Mais le grand changement vient avec des plateformes qui ne sont plus simplement des systèmes de comptes en ligne mais qui permettent de créer facilement son propre système de monnaie. Il en existe certains dédiés à un type de monnaies. C’est le cas par exemple pour les SEL avec Cyclos (développé au Brésil et en Uruguay, mais qui dispose d’un site dédié à la communauté française) ou le module additionnel Complementary Currencies pour Drupal dont il existe une version prête à l’usage et hébergée, proposée par l’association suisse Community Forge. Pour les monnaies de réputation, il existe TwitBank, un gestionnaire de monnaies Twitter sur le modèle des Twollars et utilisé en particulier par l’ExploraCœur. Pour la microfinance (utilisant aujourd’hui les monnaies conventionnelles), il existe également des plateformes permettant de mettre en place et de gérer son propre système, comme OurBank ou Octopus.

Il existe maintenant des plateformes généralistes pour créer des monnaies complémentaires.
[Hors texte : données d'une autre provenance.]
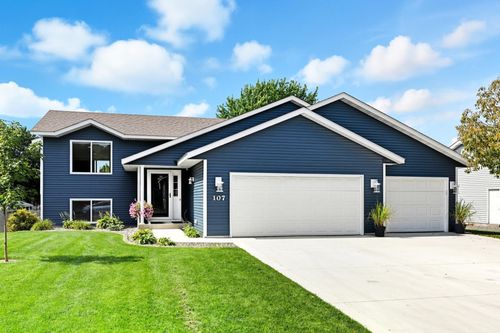 107 Century Ln, Silver Lake, MN, 55381-6174 | Card Image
C’est le cas d’OsCurrencydéveloppé par le Austin Time Exchange et qui utilise le protocole OpenTransact, Open money du canadien Michael Linton, créateur du Local Exchange Trading Systems ou encore Flowplacedu français Jean-François Noubel [1]. Ces plateformes pourraient apporter une véritable rupture en permettant au plus grand nombre de développer leurs propres monnaies aisément et à très faible coût, ouvrant sans doute la porte à un fort développement de l’innovation ascendante dans le domaine des monnaies (comme le web puis le web 2 l’ont été pour le numérique).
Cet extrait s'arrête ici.